*** DATASET ***

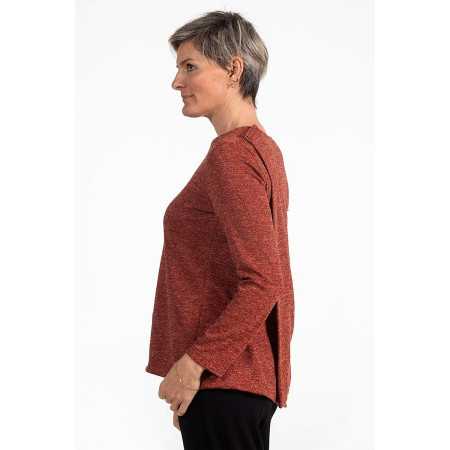 Pull médicalisé pour femme âgée dépendante, vue de profil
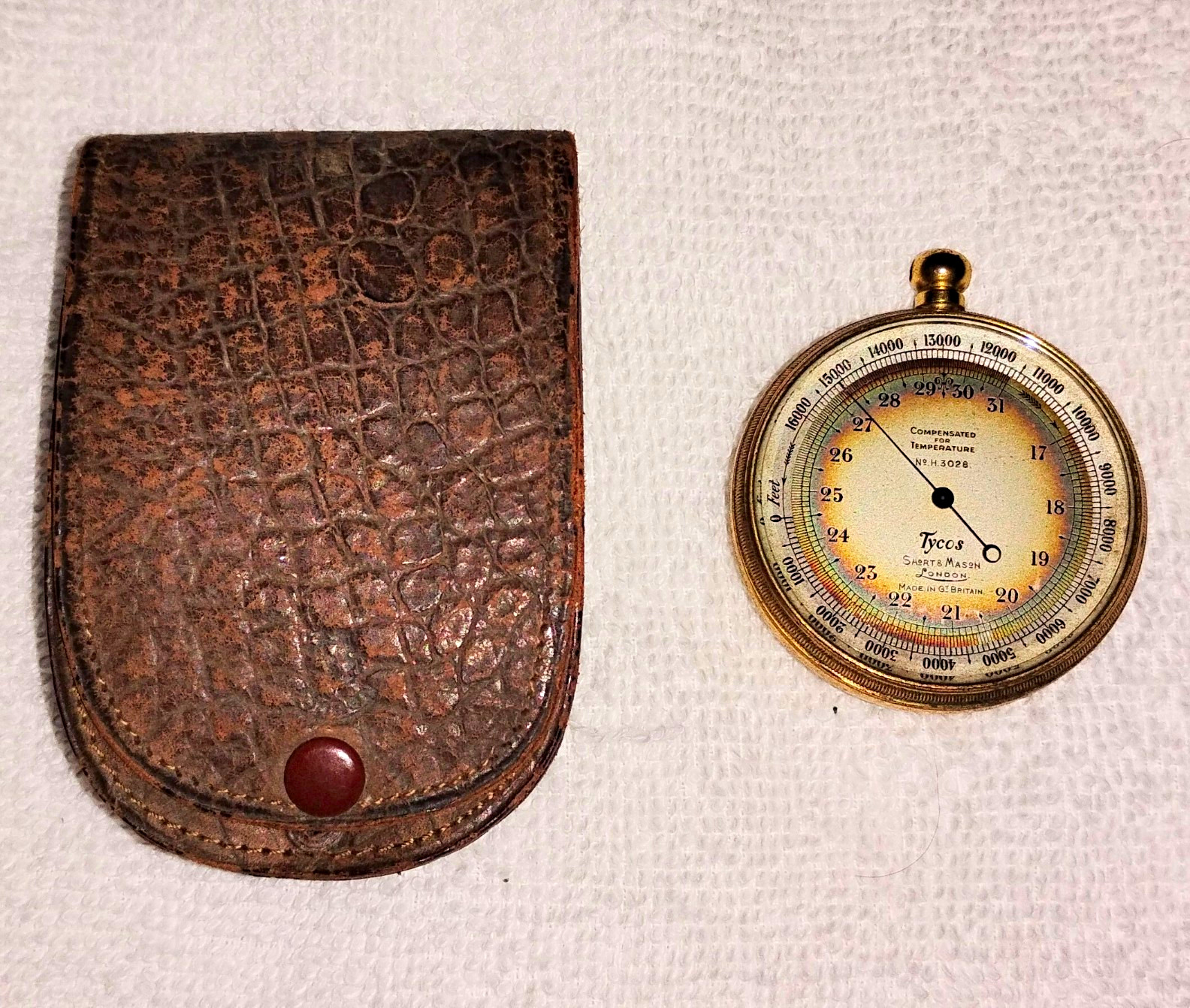 Vintage Tycos Pocket Barometer w/ Leather Case Vintage Tycos Pocket Barometer w/ Leather Case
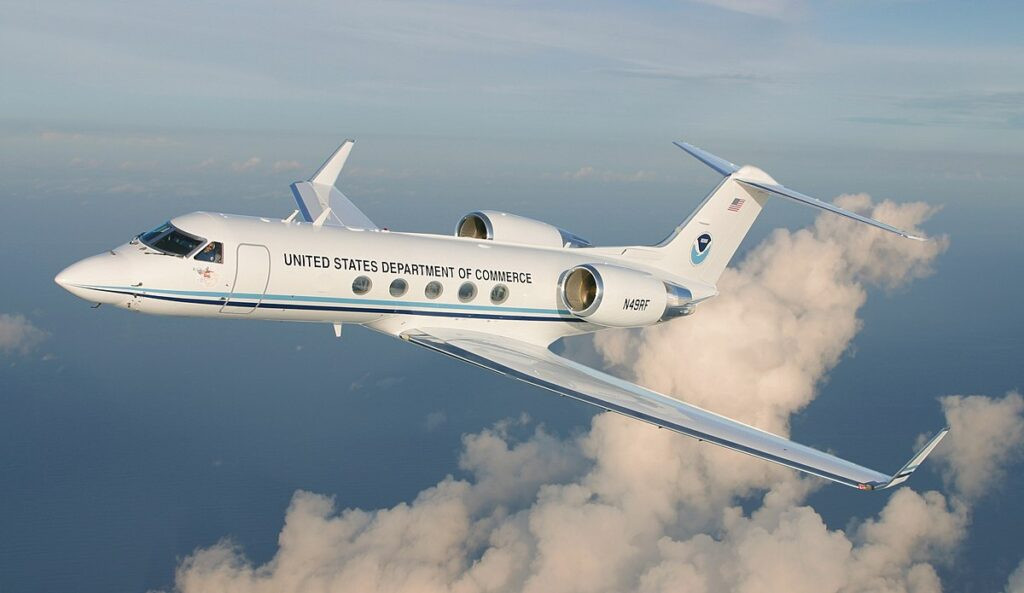 Tom Cruise Gulfstream IV G4 private jet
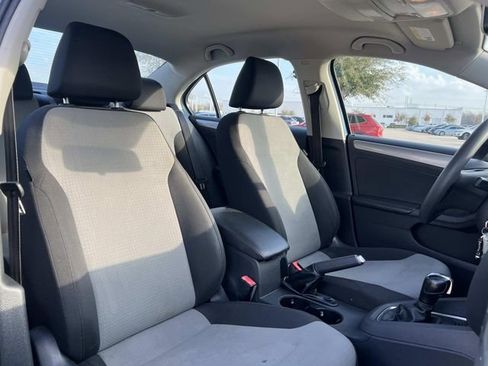 Used 2017 Volkswagen Jetta S image 25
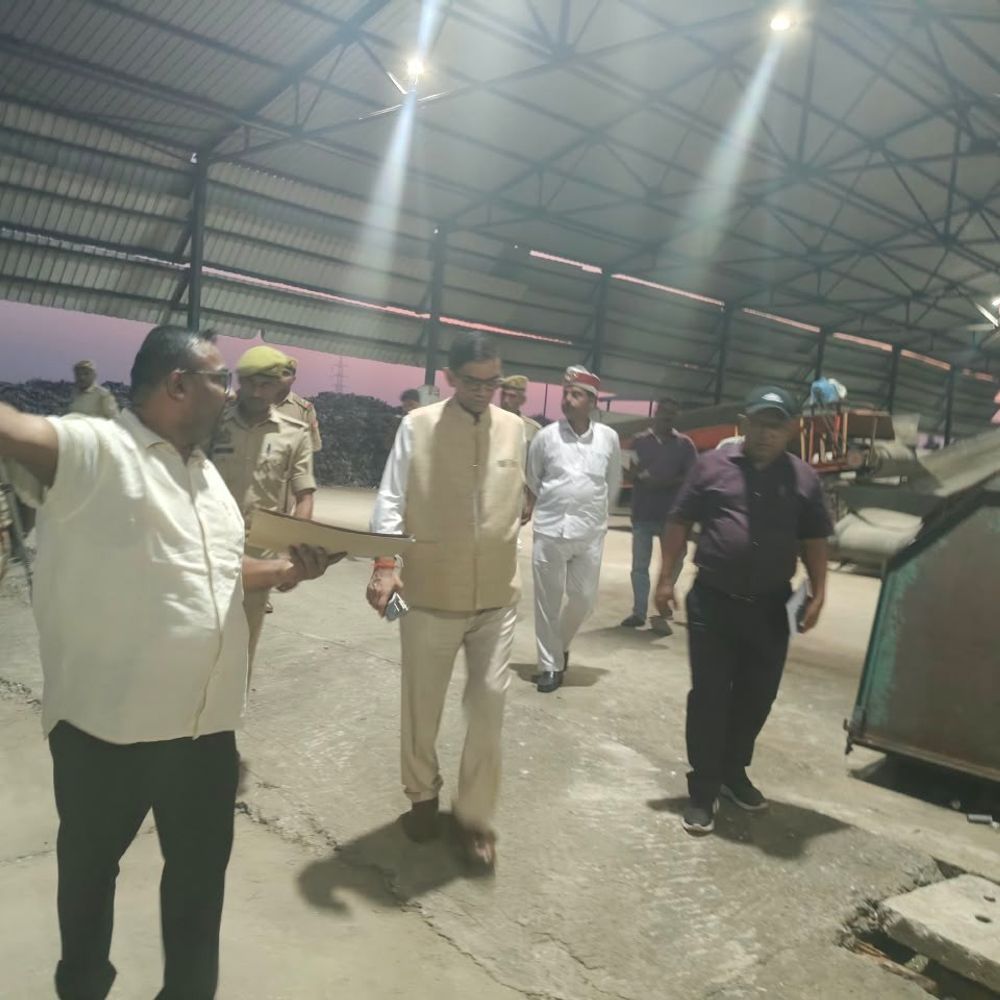 ठोस अपशिष्ट प्रबंधन संयंत्र का डीएम ने किया निरीक्षण:बलिया में व्यवस्थाओं को प्रभावी बनाने और सुधार के दिए निर्देश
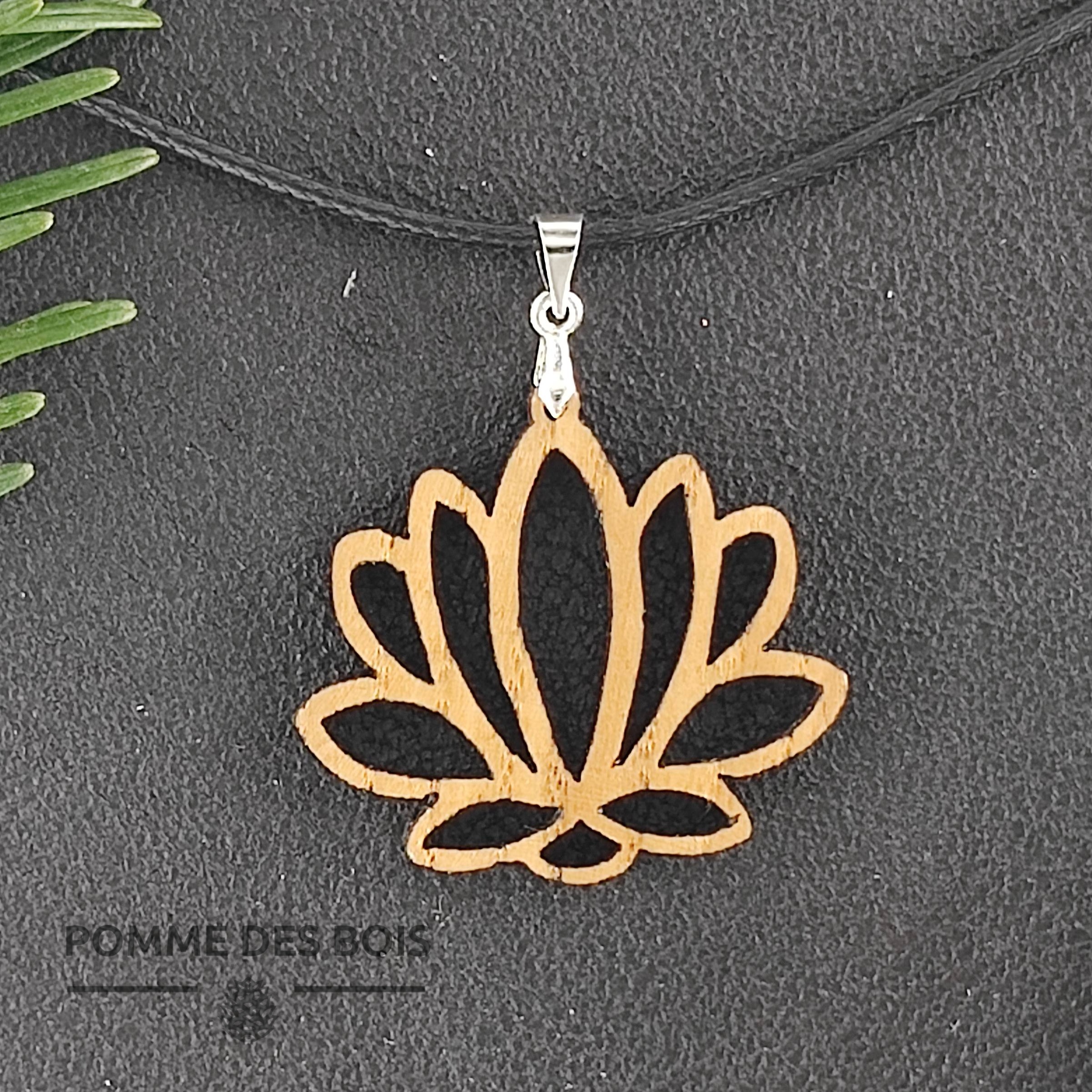 Collier Fleur de lotus bois chêne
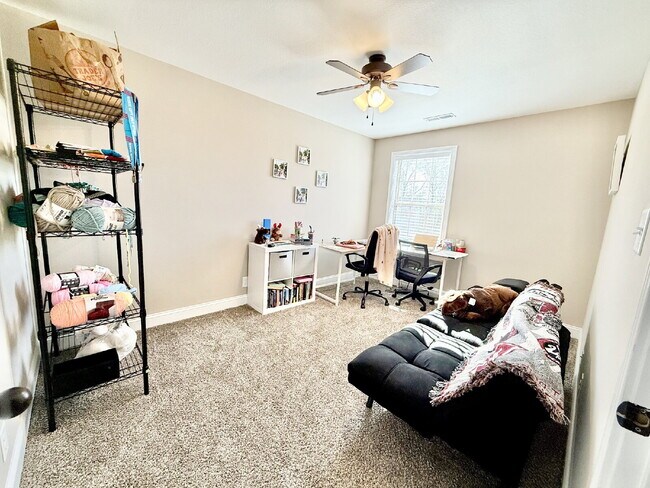 Building Photo - For Rent: Modern 3 Bed, 2.5 Bath Home on S...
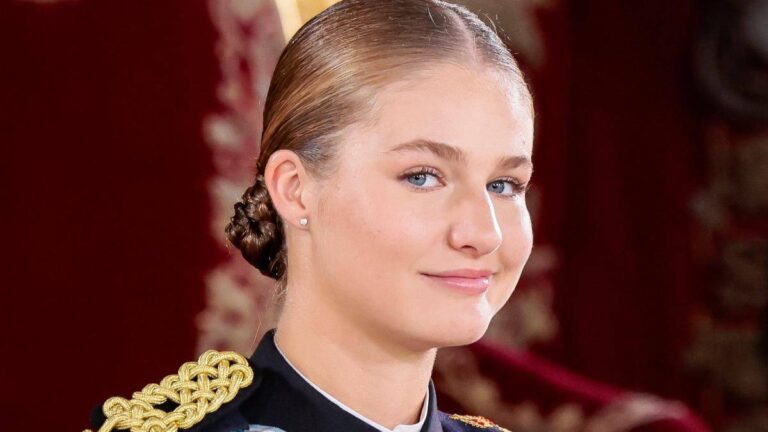 Watch: Princess Leonor’s embarrassing moment at her last public event Princess Leonor at Spain's National Day Reception
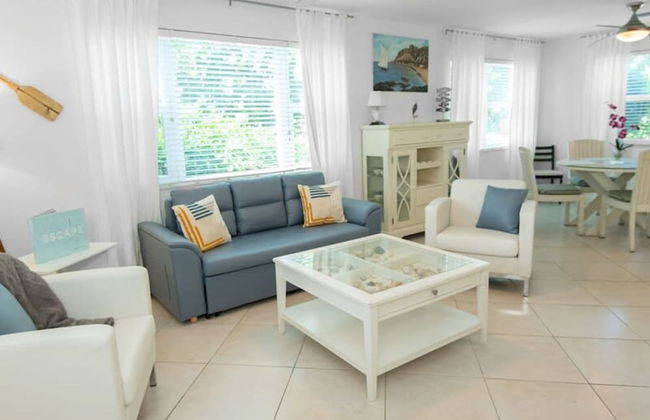 8BD Ft Pierce Beach Getaway - Great for Family Group - Photo 27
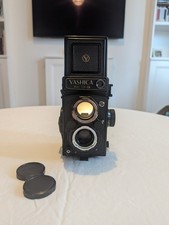 Yashica Mat 124G. Film Tested, Working Light meter , Excellent Condition. Case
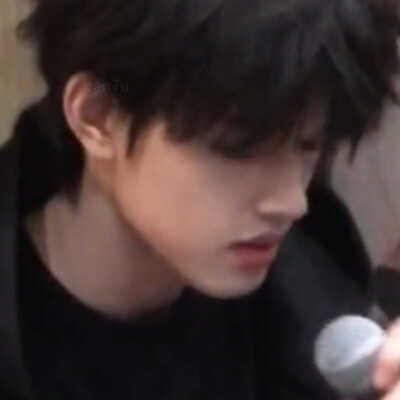 不知道啊就是很曼妙很帅很好听，莫名其妙截了一堆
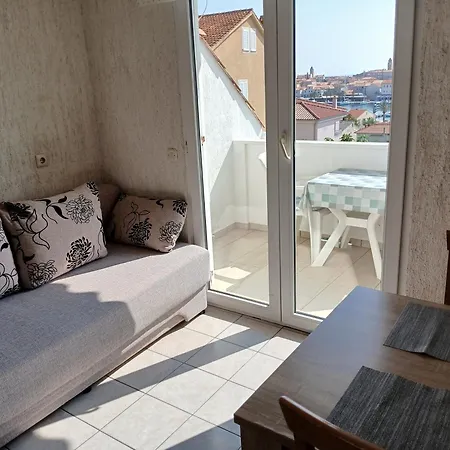 Piadora Apartament Banjol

***

_INSTRUCTIONS FOR THE TASK:_ Repeat only the lines from the line with "不知道啊就是很曼妙很帅很好听，莫名其妙截了一堆" to the end of the entries, including both the first and the last line, and drop every picture.

_OUTPUT FOR THIS EXERCISE:_
 不知道啊就是很曼妙很帅很好听，莫名其妙截了一堆
 Piadora Apartament Banjol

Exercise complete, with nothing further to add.